The “value add” tax – a riff on corporate communication
A mainstay of team building workshops is the old “what can we do better” exercise. Over the years I’ve noticed that “improving communication” is an item that comes up again and again in these events. This is frustrating for managers. For example, during a team-building debrief some years ago, an exasperated executive remarked, “Oh don’t pay any attention to that [better communication], it keeps coming up no matter what we do.”
The executive had a point. The organisation had invested much effort in establishing new channels of communication – social media, online, face-to-face forums etc. The uptake, however, was disappointing: turnout at the face-to-face meetings was consistently low as was use of other channels.
As far as management was concerned, they had done their job by establishing communication channels and making them available to all. What more could they be expected to do? The matter was dismissed with a collective shrug of suit-clad shoulders…until the next team building event, when the issue was highlighted by employees yet again.
After much hand-wringing, the organisation embarked on another “better communication cycle.” Much effort was expended…again, with the same disappointing results.
Anecdotal evidence via conversations with friends and collaborators suggests that variants of this story play out in many organisations. This makes the issue well worth exploring. I won’t be so presumptuous as to offer answers; I’m well aware that folks much better qualified than I have spent years attempting to do so. Instead I raise a point which, though often overlooked, might well have something to do with the lack of genuine communication in organisations.
Communication experts have long agreed that face-to-face dialogue is the most effective mode of communication. Backing for this comes from the interactional or pragmatic view, which is based on the premise that communication is more about building relationships than conveying information. Among other things, face-to-face communication enables the communicating parties to observe and interpret non-verbal signals such as facial expression and gestures and, as we all know, these often “say” much more than what’s being said.
A few months ago I started paying closer attention to non-verbal cues. This can be hard to do because people are good at disguising their feelings. Involuntary expressions indicative of people’s real thoughts can be fleeting. A flicker of worry, fear or anger is quickly covered by a mask of indifference.
In meetings, difficult topics tend to be couched in platitudinous language. Platitudes are empty words that sound great but can be interpreted in many different ways. Reconciling those differences often leads to pointless arguments that are emotionally draining. Perhaps this is why people prefer to take refuge in indifference.

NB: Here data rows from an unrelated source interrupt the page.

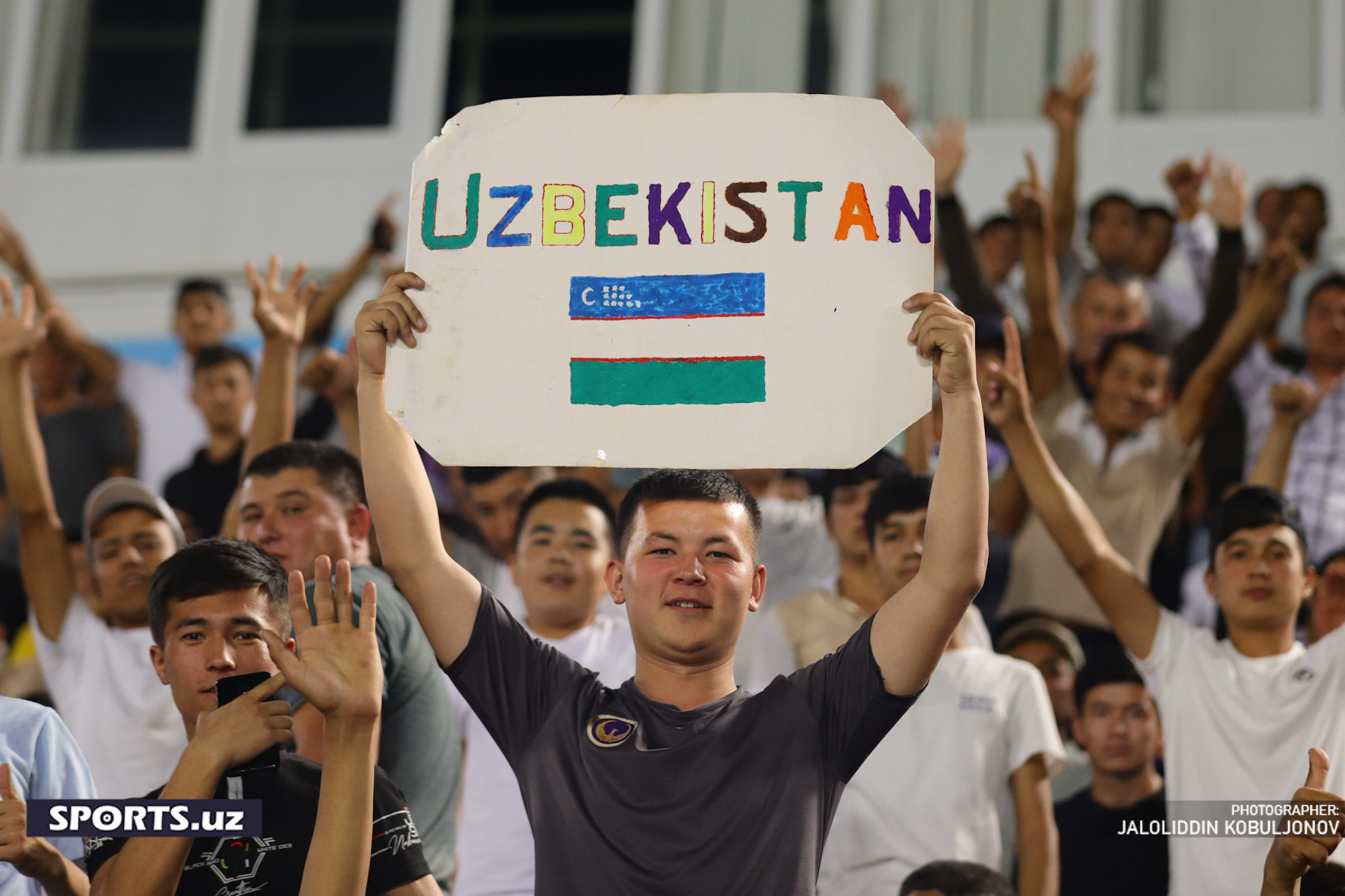Uzbekistan - Iran muhlislar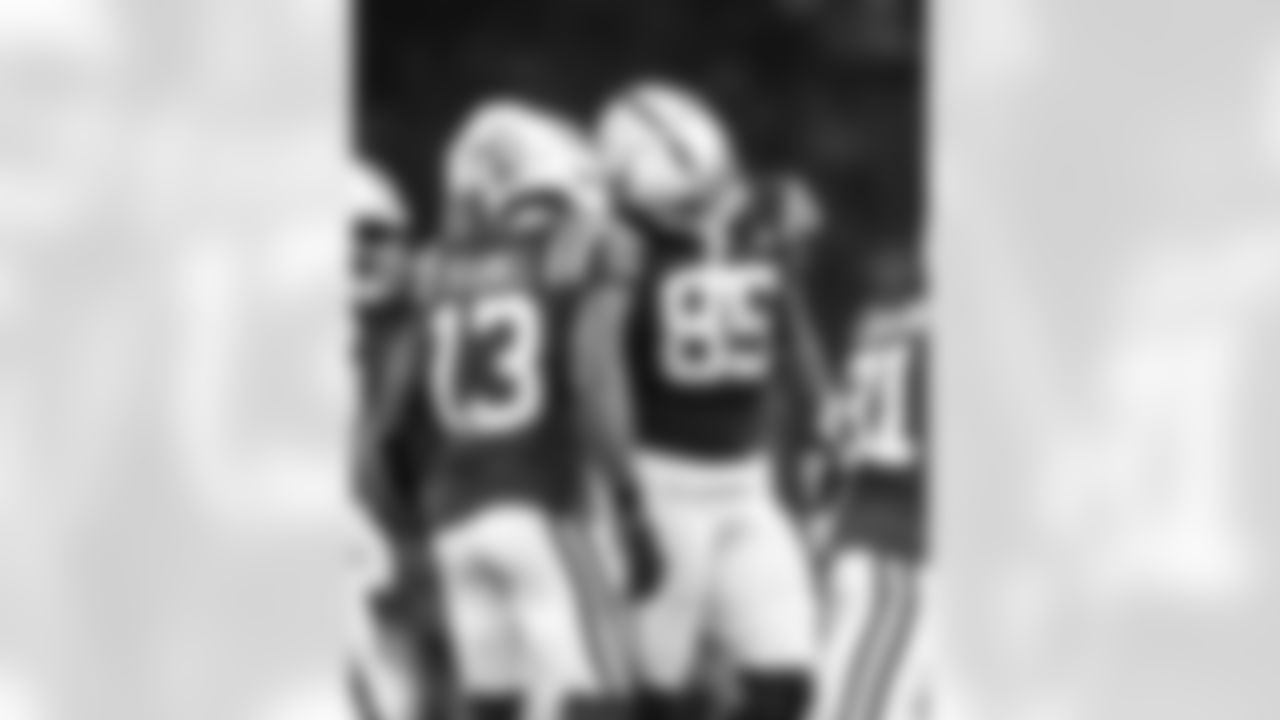 WR Laquon Treadwell #13 and TE Drew Ogletree #85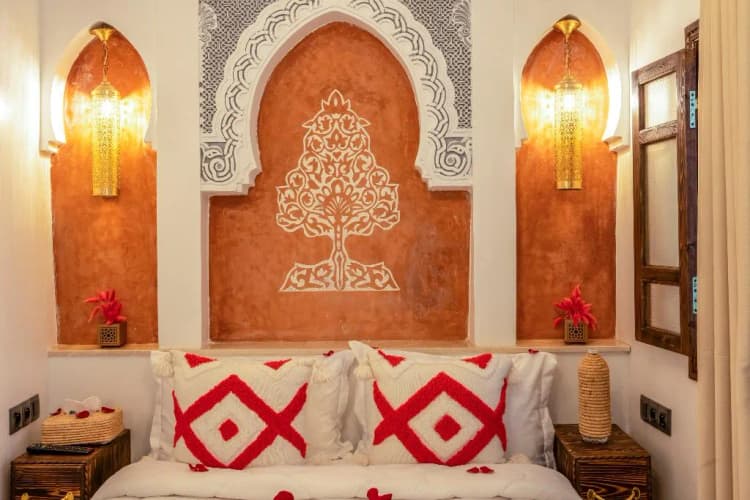 DOUBLE BASIC Room, Riad La Perle Bleue, Marrakech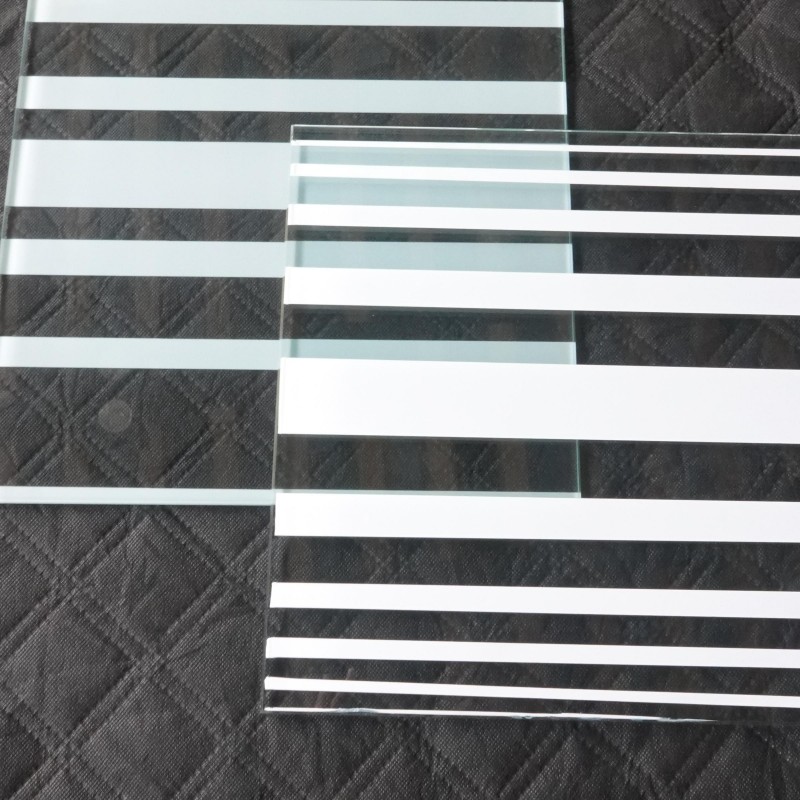 Silk Screen Laminated Glass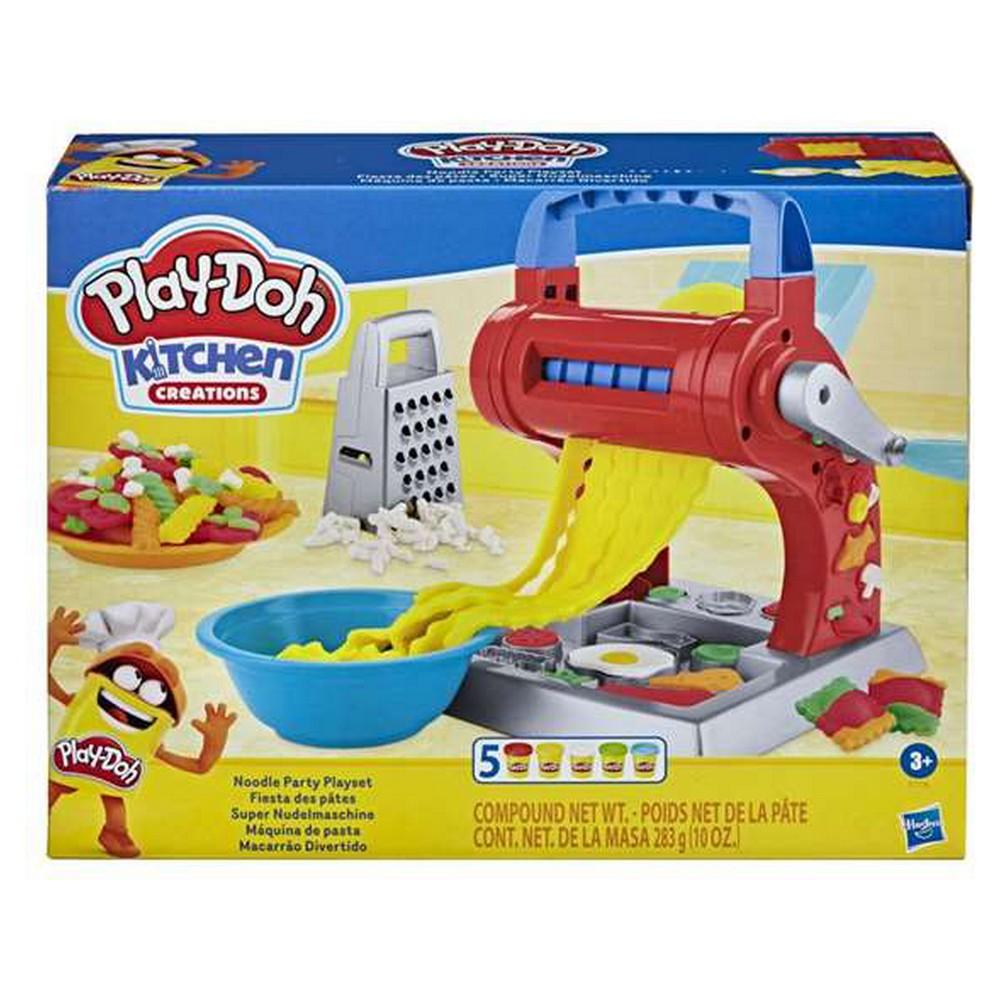 Modellervoks Spil Playdoh Noodle Party Hasbro E77765l00 Multifarvet Dele
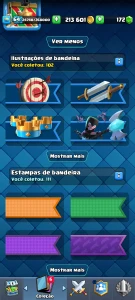 Conta CLASH ROYALE NV 64, troféus 11k+, 17 Evo, 2 Hero, LEIA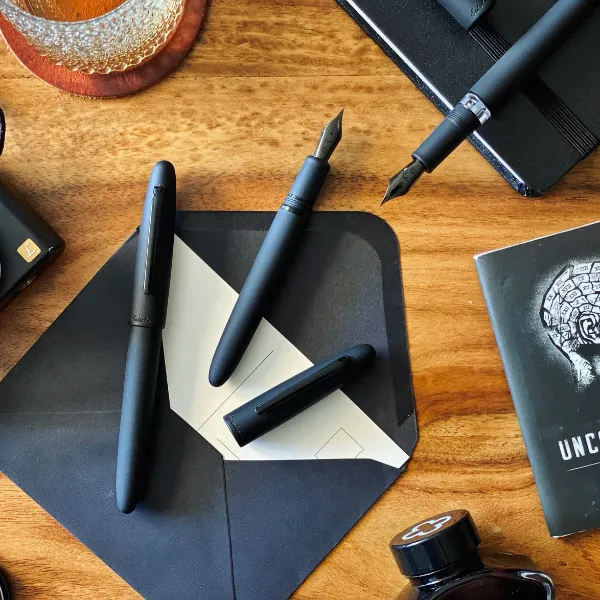 Esterbrook Raven Fountain Pen {multiple styles}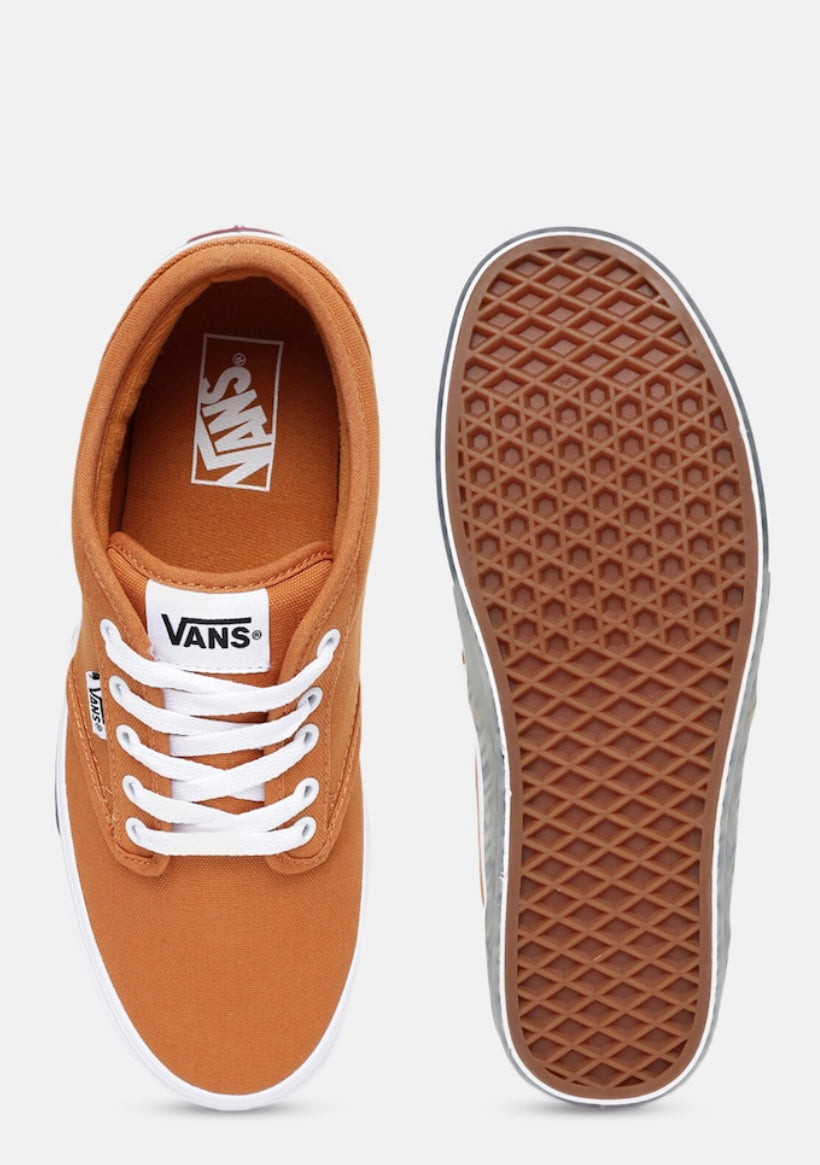 Orange solid Sneaker-Vn0a45j90q1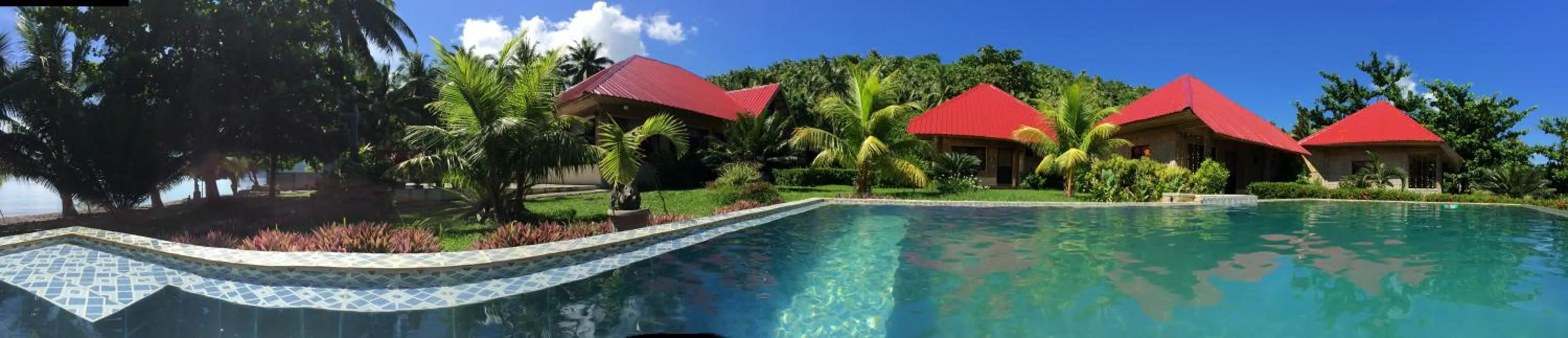 Property logo or sign in Pintuyan Dive Resort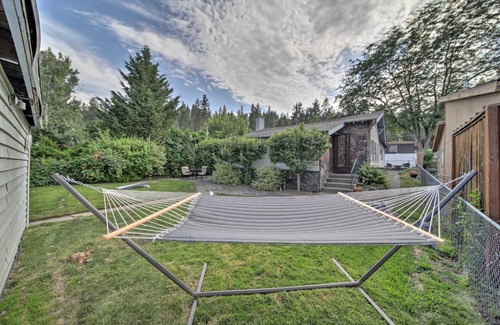 Liberty Lake House | Bright and Airy Liberty Lake Abode with Backyard!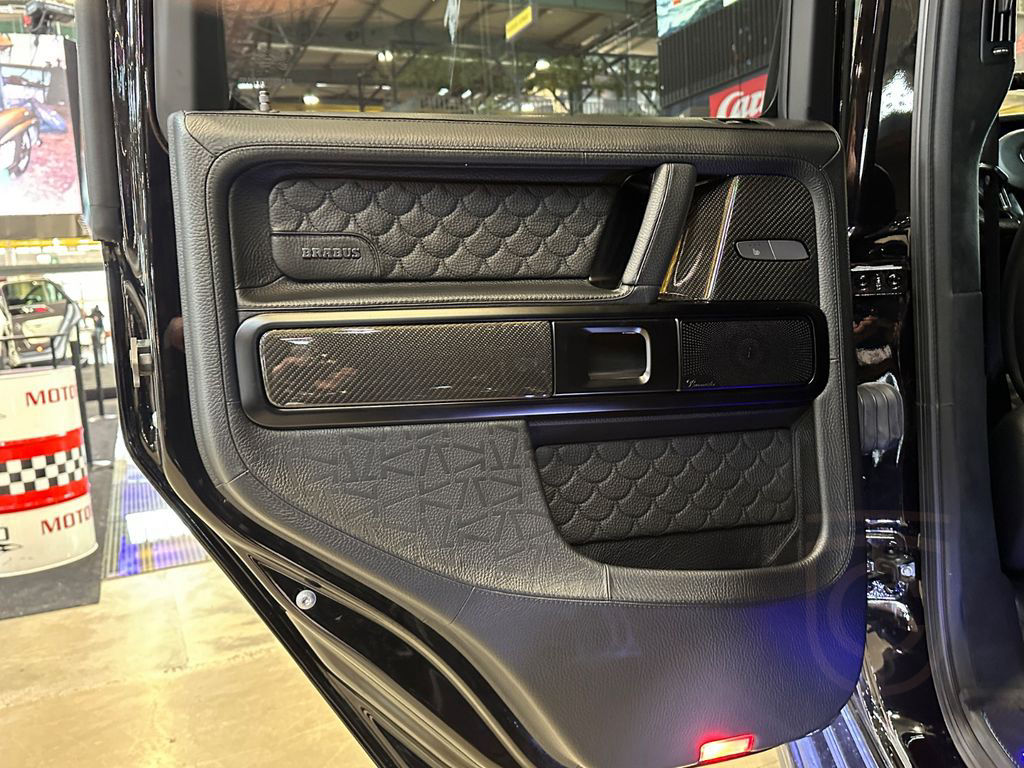 Mercedes-Benz BRABUS G800 SUPERBLACK / Masterpiece in STOCK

A while ago I was sitting in a meeting where the phrase “value add activity” (sic) cropped up once, then again…and then many times over. Soon it was apparent that everyone in the room had a very different conception of what constituted a “value add activity.” Some argued that project management is a value add activity, others disagreed vehemently arguing that project management is a bureaucratic exercise and that real value lies in creating something. Round and round the arguments went but there was no agreement on what constituted a “value add activity.” The discussion generated a lot of heat but shed no light whatsoever on the term.
A problem with communication in the corporate world is that it is loaded with such platitudes. To make sense of these, people have to pay what I call a “value add” tax – the effort in reaching a consensus on what the platitudinous terms mean. This can be emotionally extortionate because platitudes often touch upon issues that affect people’s sense of well-being.
Indifference is easier because we can then pretend to understand and agree with each other when we would rather not understand, let alone agree, at all.